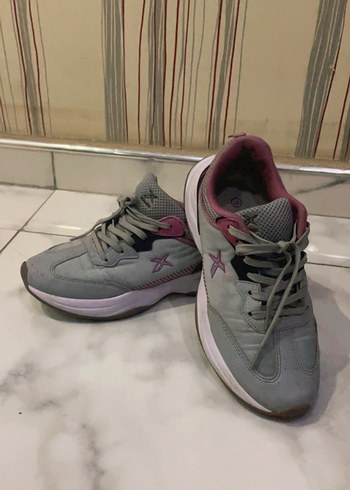 37 Beden pembe Renk Pembe Gri Bağcıklı Spor Kadın Sneaker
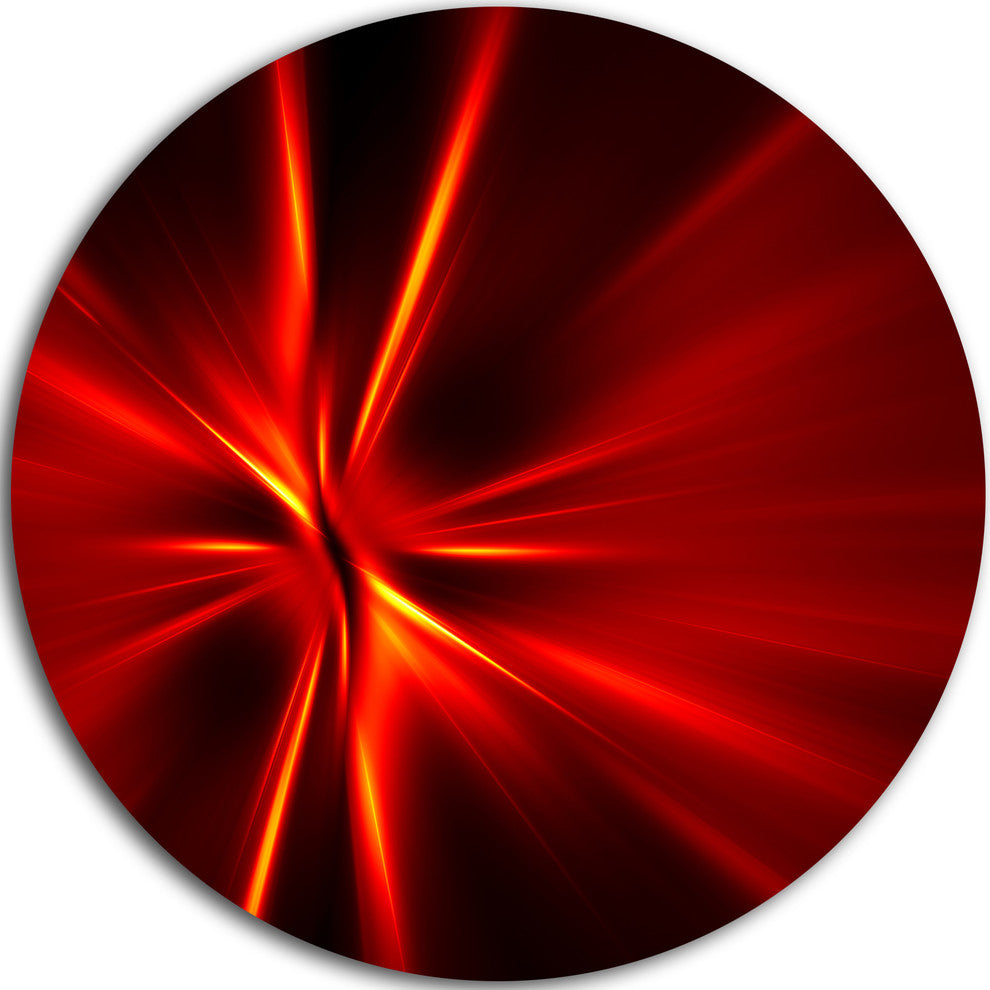 Red And Yellow Rays, Abstract Digital Art Round Wall Art, 23"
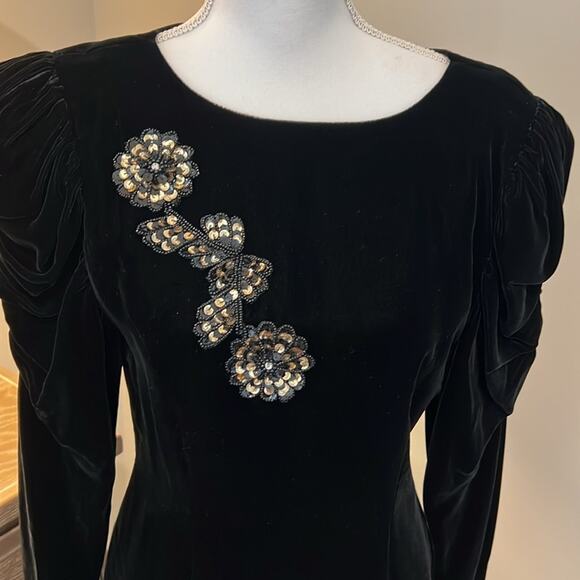 Beautiful Vintage GENET VIVIEN Black‎ Velvet Dress S Cocktail Sexy Sequined Gold - Picture 2 of 16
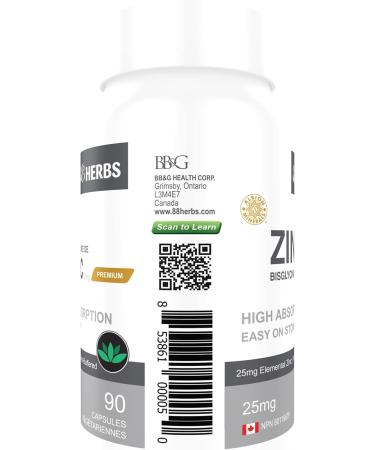 Zinc Bisglycinate Highest Absorption Non Buffered Premium Grade - 90 Veg Caps 25 mg (Elemental Zinc) - Buy Online on GoSupps.com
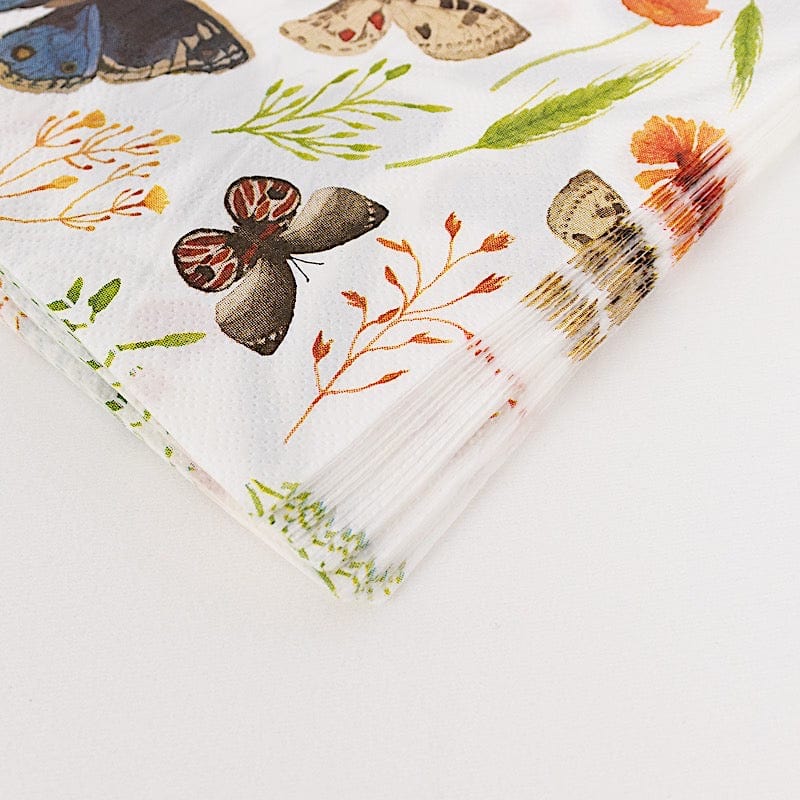 50 Assorted 2 Ply Paper Napkins Field Herbs Butterfly Print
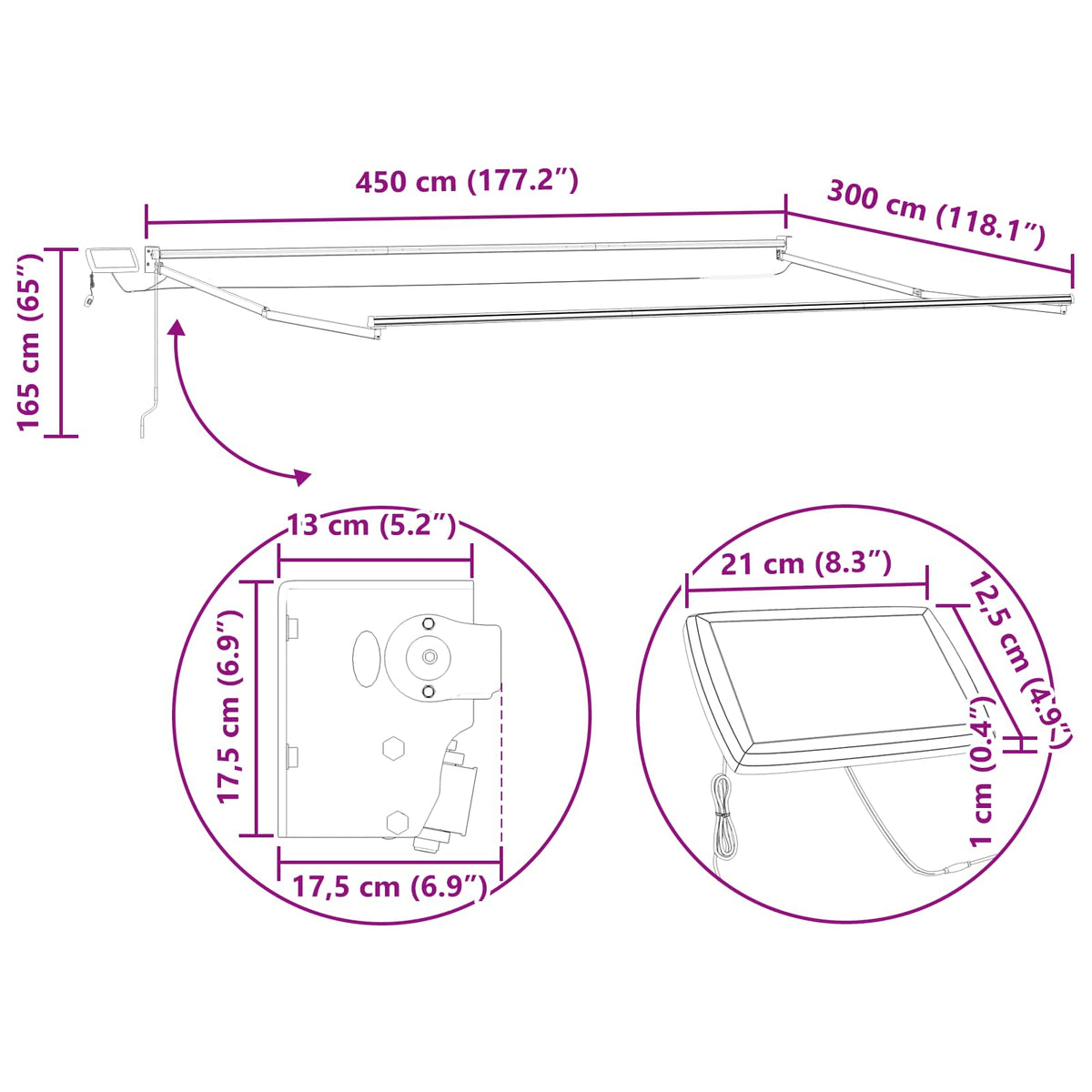 Manual Awning Frame with Solar LED 4.5 x 3 m White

--

Your task
Leave out the pictures, and extract exactly the lines from the one with "50 Assorted 2" through the end of the records, both ends included.

Solution for this exercise
 50 Assorted 2 Ply Paper Napkins Field Herbs Butterfly Print
 Manual Awning Frame with Solar LED 4.5 x 3 m White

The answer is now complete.